Forget the electric vehicle revolution–this car is juiced up by the same stuff that powers you in the morning. The “Carpuccino” car was built by a team from the BBC science show Bang Goes The Theory to prove the viability of cars powered by fuels other than conventional gasoline and diesel. The car, built from a converted 1988 Volkswagen Scirocco, was used by the show because it looks like the DeLorean from Back to the Future.

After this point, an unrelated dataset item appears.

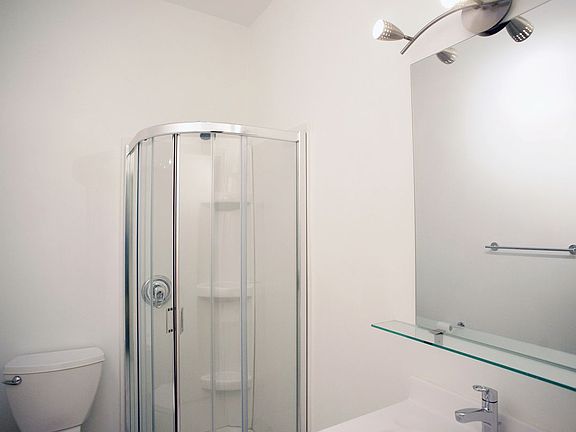 4th image of 53 E 67th St APT 4B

The idea of making biofuel from waste coffee grounds is nothing new, but the Carpuccino allows drivers to pour coffee granules directly into a gas cylinder attached to the car, where it is heated up and broken down into hydrogen and carbon monoxide. But despite its convenience, the Carpuccino isn’t exactly practical–during a planned 210 mile trip between Manchester and London, the vehicle will use 70 kilos of ground coffee at a rate of three miles per kilo of ground coffee, or approximately 56 espressos per mile. The UK Daily Mail estimates that “at supermarket prices of between £13
and £26 a kilo depending on brand and quality, [the trip] will cost between £910
and £1,820, or between 25 and 50 times the £36 cost of petrol for the
journey.” That means it’s actually much cheaper to stick with regular gasoline … in your car, we mean.
So will we all drive coffee-powered cars sometime in the near future? Probably not. But the Carpuccino serves to remind us that making vehicles sustainable sometimes requires more than a little creativity. Chevy can have its Volt. Give us the Jolt.